#### EXERCISE:
Exclude all pictures, and reproduce exactly the lines from the one containing "Used 2024 Porsche" through the end of the records, with nothing else added.

#### DATA TO USE:

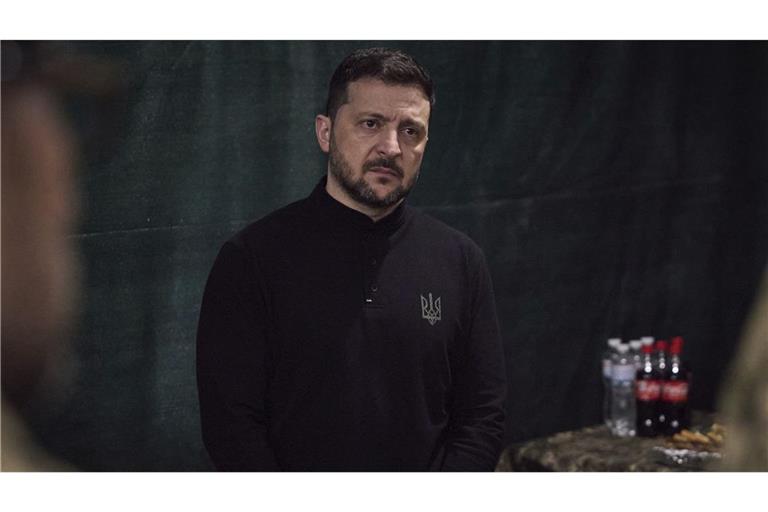 Der ukrainische Präsident Präsident Wolodymyr Selenskyj hört einer Kampfbesprechung an der Front zu (Archivbild).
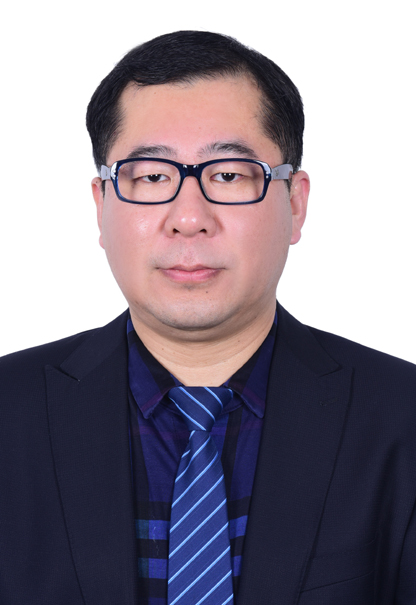 李亮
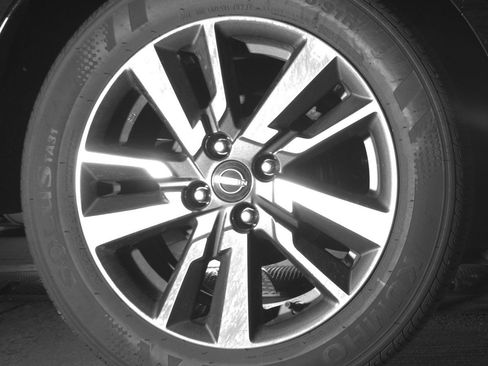Used 2025 Nissan Versa SV FWD image 15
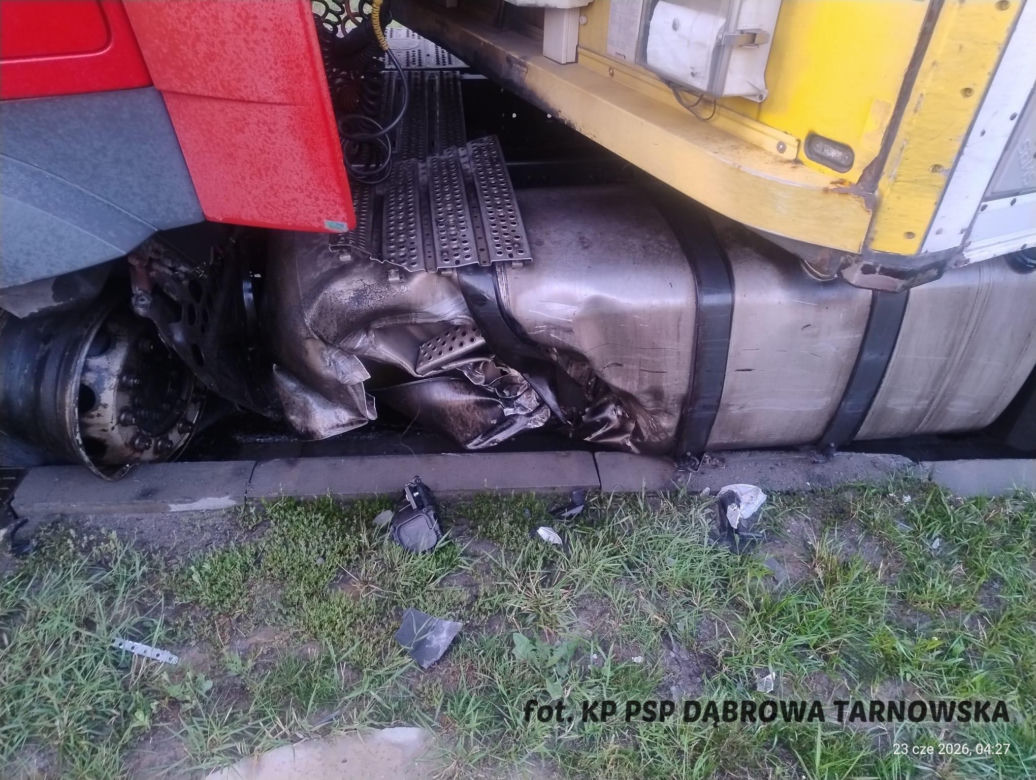 Wypadek w Smęgorzowie. W zderzeniu osobówki z tirem na DK73 ucierpiały 4 osoby
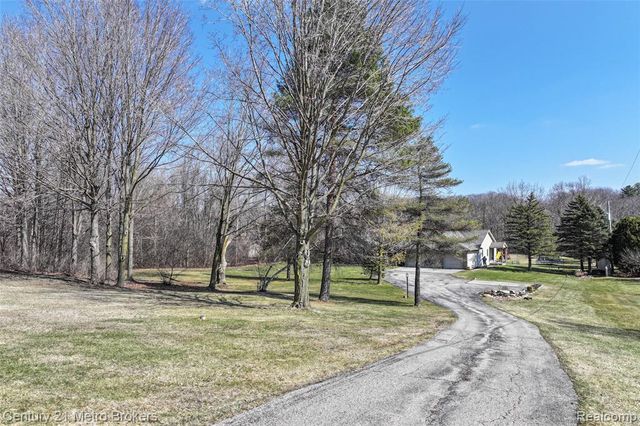 5464 N Seymour Road, Flushing, MI 48433
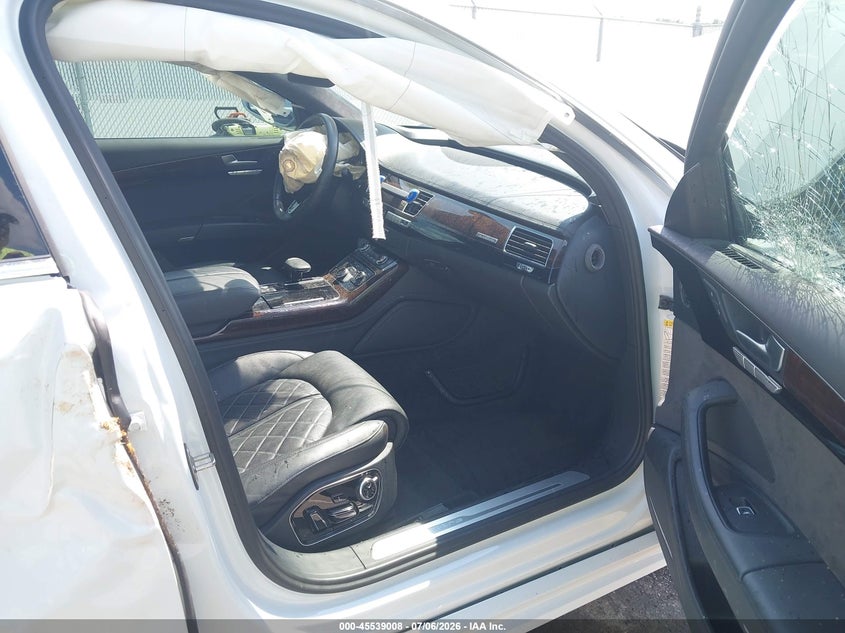 2016 AUDI A8 L auction photo 5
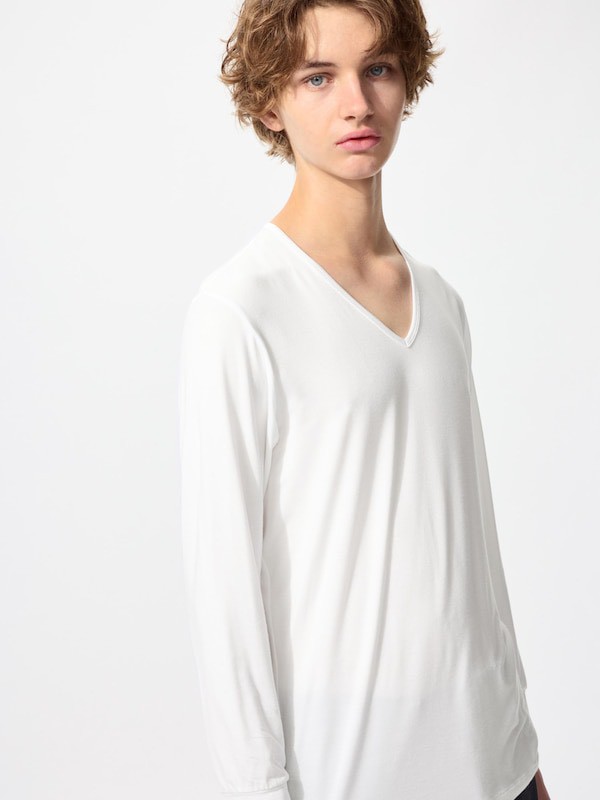 日本🇯🇵Uniqlo 男款HEATTECH 超輕暖發熱 V 領 七分袖T 卹479440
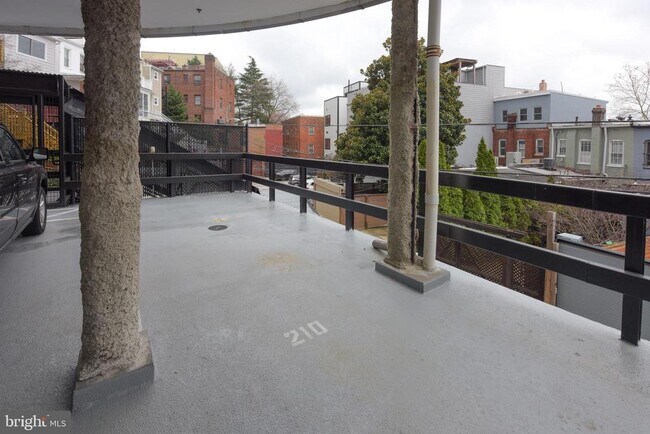 Building Photo - 1700 Kalorama Rd NW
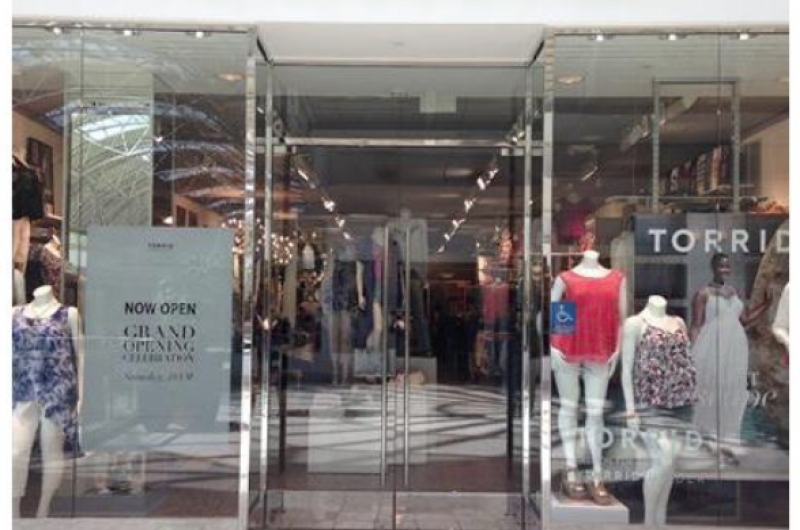 Exterior of Torrid located in Marketplace Mall.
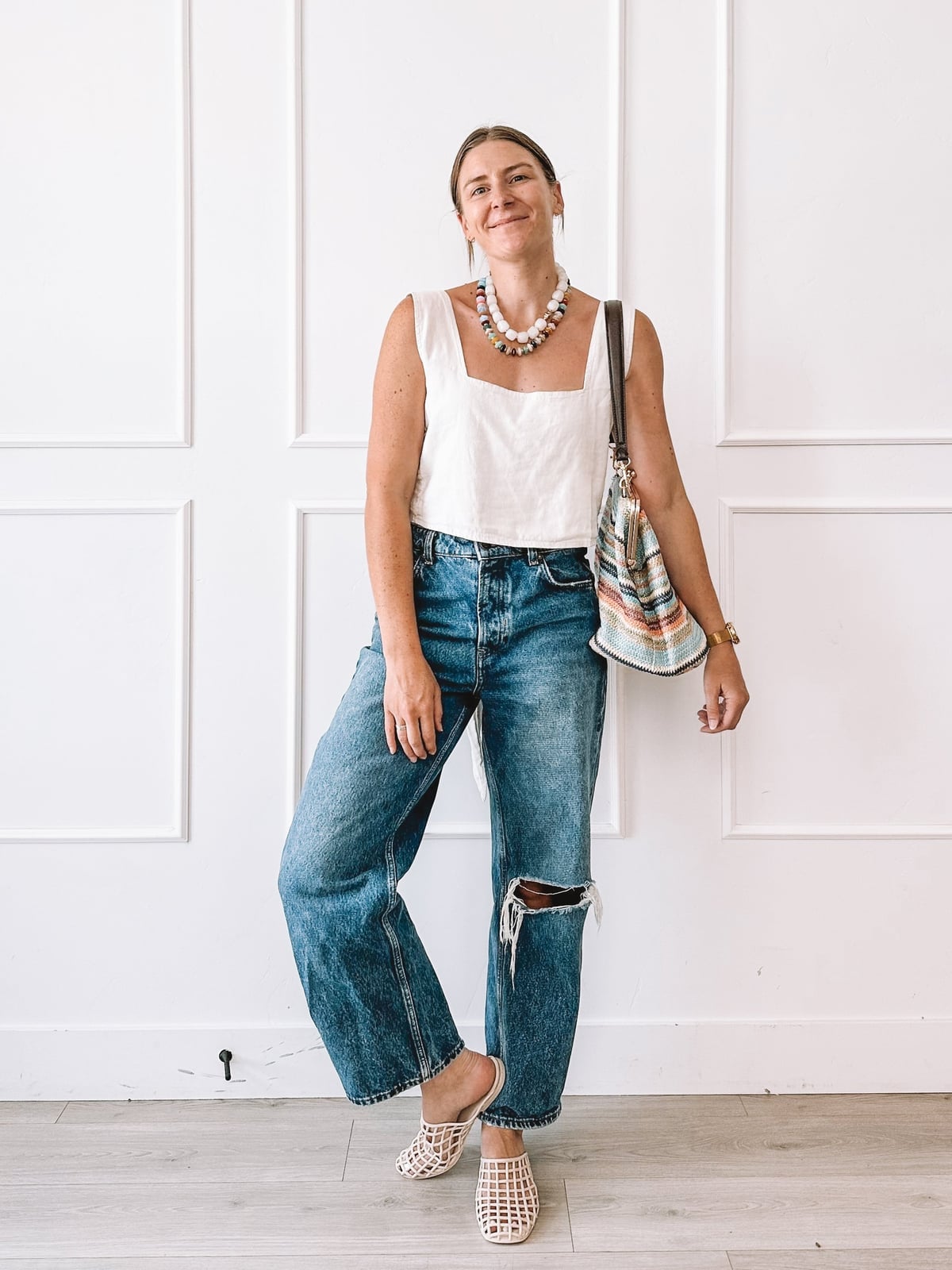 Distressed relaxed-fit jeans with a linen top Distressed relaxed-fit jeans with a linen top — Baggy Jeans Outfits
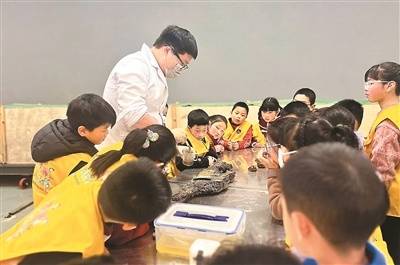 走进沉船修复室，宁波青少年感受水下考古魅力，“水下考古在中国”开放日，宁波青少年领略历史科技之美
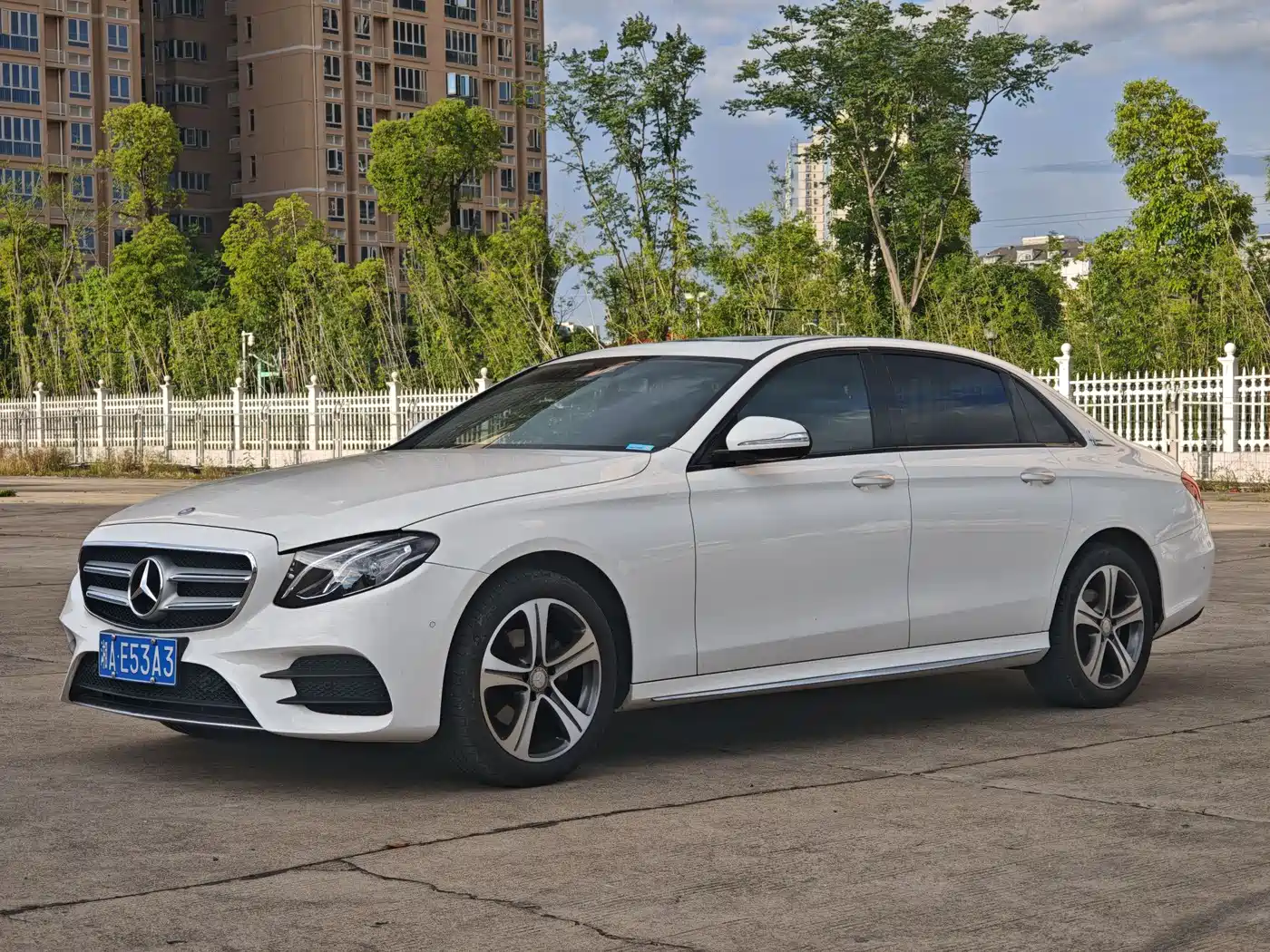 Mercedes-Benz E-Class 2016 E 200 L Sport Type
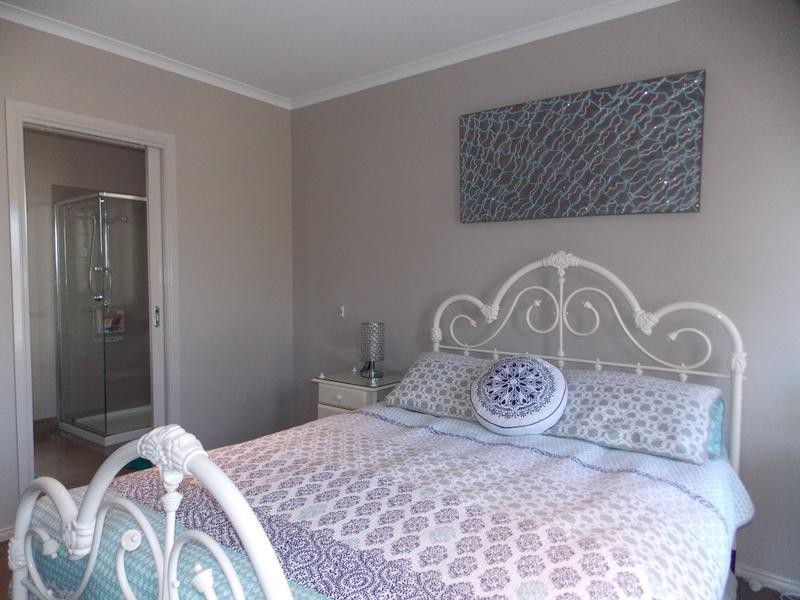 9 Crampton Chase, Sandhurst VIC 3977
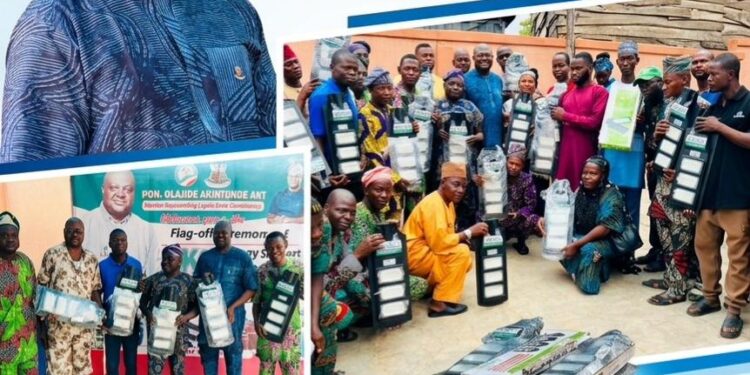 Lagelu Legislature, AKT Illuminates Igbo Elerin Zone, Distributes Solar Lights Across Six Wards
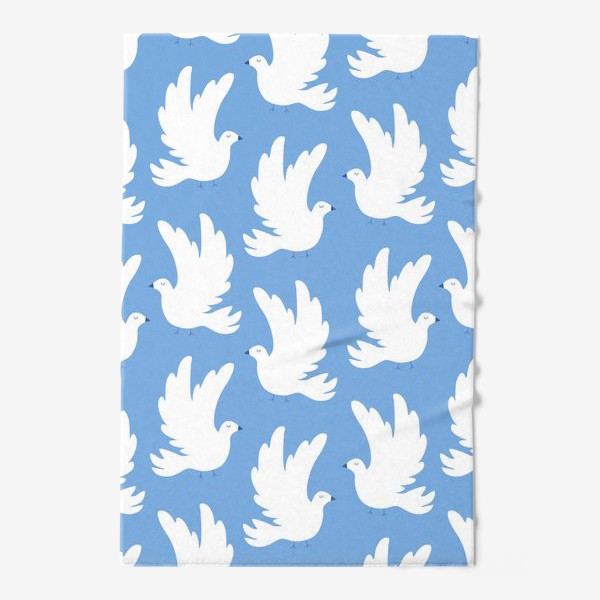 Полотенце «Белые голубки на голубом фоне паттерн»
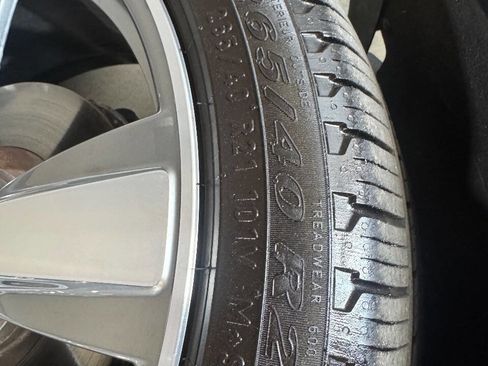 Used 2024 Porsche Macan Base AWD 4dr SUV w/ Premium Plus Package image 35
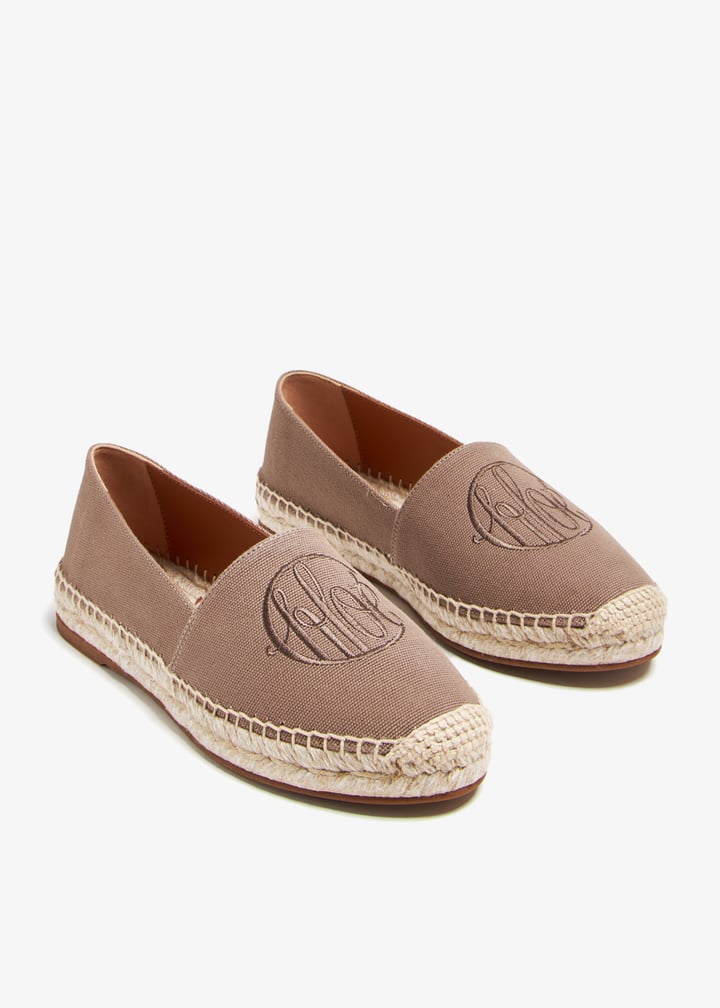 chc24a04e08-20c_5.jpg?ts=20240608030516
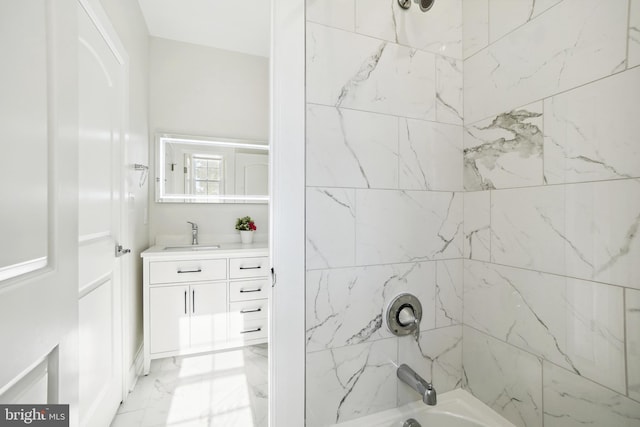 bathroom with vanity and tiled shower / bath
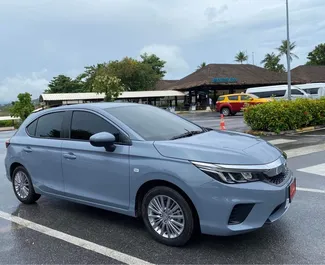 Honda City 2022 araç kiralama Tayland'da, ✓ Benzin yakıt ve 122 beygir gücü özellikleriyle ➤ Günde başlayan fiyatlarla 800 THB.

#### RESPONSE TO THIS TASK:
 Used 2024 Porsche Macan Base AWD 4dr SUV w/ Premium Plus Package image 35
 chc24a04e08-20c_5.jpg?ts=20240608030516
 bathroom with vanity and tiled shower / bath
 Honda City 2022 araç kiralama Tayland'da, ✓ Benzin yakıt ve 122 beygir gücü özellikleriyle ➤ Günde başlayan fiyatlarla 800 THB.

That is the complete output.